John McCain slithered down to the lower 9th Ward in New Orleans last week just to walk a few blocks and tell the American public how appalled he is by the Bush administration's response to Hurricane Katrina. To the area hardest hit by Katrina, he vowed, "never again will a disaster of this nature be handled in the terrible and disgraceful way it was handled." This is classic political posturing to help McCain look like somebody who might actually have an ounce of empathy for the downtrodden. John McCain was an active member of the Senate throughout the entire Katrina ordeal. To suggest that he was surprised about the Bush administration's botched response to Hurricane Katrina is hypocrisy at its best. In fact, he helped to shape that response by voting down several measures that would have helped the Katrina victims.
McCain voted against the Emergency Supplemental Appropriations Bill of 2006, which would have provided, among other funding, $28 billion for hurricane relief. He also voted against a measure to provide emergency health care and other types of much-needed relief to Katrina survivors, such as access to Medicaid, $800 million in compensation to those providing care to Katrina evacuees, and access to the TANF (Temporary Aid to Needy Families) Contingency Fund for the states affected by Katrina and those taking in Katrina evacuees. If John McCain truly cares about ensuring a more appropriate response to the next natural disaster, then why did he vote – not once but twice – against establishing a commission to provide a "post mortem" review of the response to Katrina? The final insult came in 2005 when McCain voted against extending up to 52 weeks of unemployment benefits to those affected by Hurricane Katrina. These are not the votes of a compassionate conservative.

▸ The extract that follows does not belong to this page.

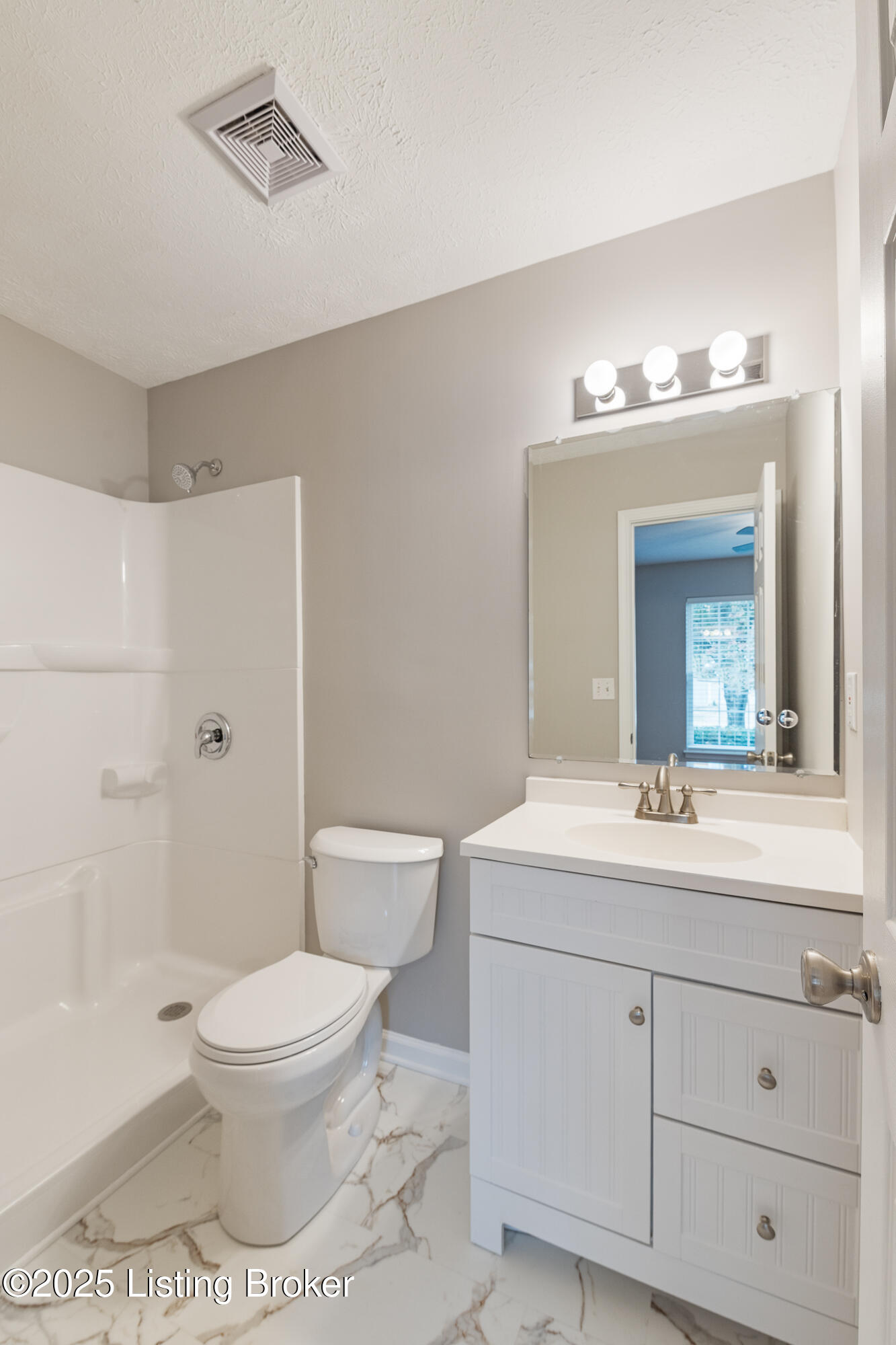 1116 Willow Oak Ln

The ultimate indignity for the people of New Orleans is John McCain using their city as a political prop, painting himself as the 'kinder, gentler' GOP candidate and vowing that such a disgraceful response will not happen if he's elected. That's great John, but the people of New Orleans are probably wondering just exactly what you're going to do to help them out of the mess they are in right now. When asked about rebuilding the lower 9th Ward, he fumbled around for an answer that ended up being clear in the end: He didn't know if he would rebuild it or tear it down if he is elected president. I'm sure it's a comfort to those who live there that McCain can authorize a $12 billion-a-month war but he cannot commit to providing affordable housing in an area devastated by natural disaster. There's something wrong about that.
The unkindest 'cuts' of all
McCain's PR handlers and the mainstream media can spin him any way they want, but his actions are at direct odds with what they want us to believe. In 2001, after being defeated by Bush, he voted against the administration's tax cuts. From the Senate floor he stated that he could not "in good conscience support a tax cut in which so many of the benefits go to the most fortunate among us, at the expense of the middle class Americans who most need tax relief." That was six years ago when he had lost his bid for the presidency and was, by several accounts, disgusted with the way the Bush campaign was waged.
It's 2008 and John McCain is fighting for his political life. Do not ever misjudge his drive to become president. Bush's tax cuts will expire in 2010 and now Mr. McCain is in favor of making the majority of those cuts permanent (the one exception being the inheritance tax). Nothing has changed about them. The cuts are still weighted to the wealthiest people in America. What has changed is McCain's situation and whom he must assuage to reach what he no doubt feels is his destiny. It gets even more ugly when McCain is left to think for himself. He also has his own plan to eliminate the alternative minimum tax (originally created to prevent the wealthy from exploiting tax loopholes) and reduce the tax rate on corporate profits. The middle class may not be the only victim of McCain's tax plan. Some experts are concerned about the nation's solvency should this plan go into effect.
One other connection here that is rarely made by the mainstream media is the fact that John McCain's net worth is in the $40 million dollar range. His wife is the chairwoman of the third-largest Anheuser-Busch beer distributorship in the nation. They also have impressive real estate holdings. It is said that McCain and his wife own eight homes. Seems that the McCain family is in a perfect position to reap the benefits of those tax breaks. The media attention McCain receives for his position of wealth is minimal compared to the scrutiny given to John Kerry and John Edwards. McCain's supporters, of course, point out that it's really not his wealth. It's his wife's. So was John Kerry's, but that didn't stop the media from having a field day with it.
McCain's extraordinary compassion has inspired him to suggest rescinding the 18-cent gas tax through the summer. It saves the public about sixty cents a day (or $4.20 per week; just about where gas will be per gallon this summer). McCain went on to place his foot in his mouth by acknowledging it's not much money, but it will provide the American people with a "little psychological boost." This is absolutely useless to the people suffering sticker shock at the food stores and getting gouged for profits at the gas pumps. By the way, the money for this idea would be taken from funds used to build and maintain our roads and bridges. This money actually does create jobs and stimulate the economy.